__Try it__: Retype, without pictures, the line holding "NCAA Texas Tech" and each line below it through the final line.

__Input data__:
- - - -

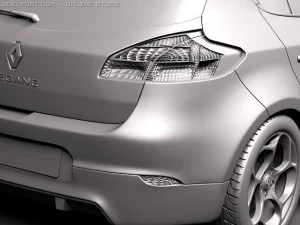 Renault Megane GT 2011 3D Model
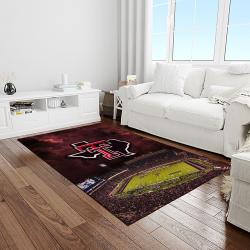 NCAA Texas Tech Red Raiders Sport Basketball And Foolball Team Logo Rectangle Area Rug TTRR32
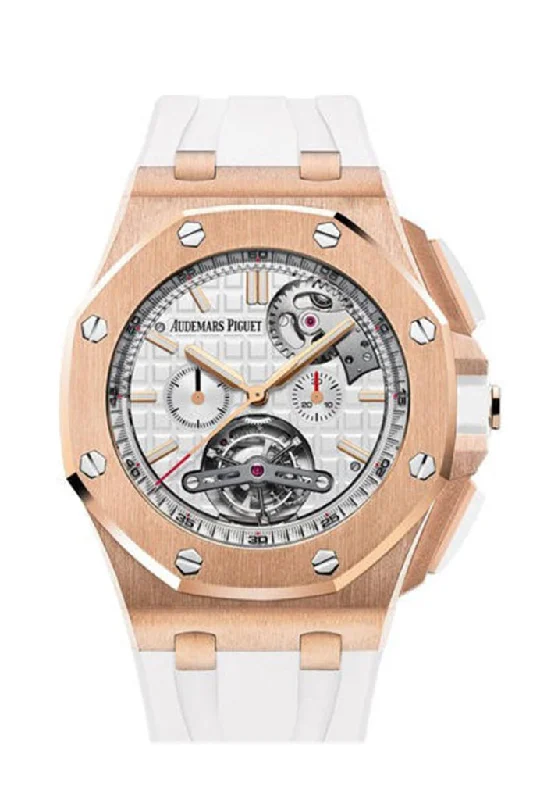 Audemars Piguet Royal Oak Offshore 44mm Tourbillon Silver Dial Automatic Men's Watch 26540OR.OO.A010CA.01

- - - -

__Answer to this problem__:
 NCAA Texas Tech Red Raiders Sport Basketball And Foolball Team Logo Rectangle Area Rug TTRR32
 Audemars Piguet Royal Oak Offshore 44mm Tourbillon Silver Dial Automatic Men's Watch 26540OR.OO.A010CA.01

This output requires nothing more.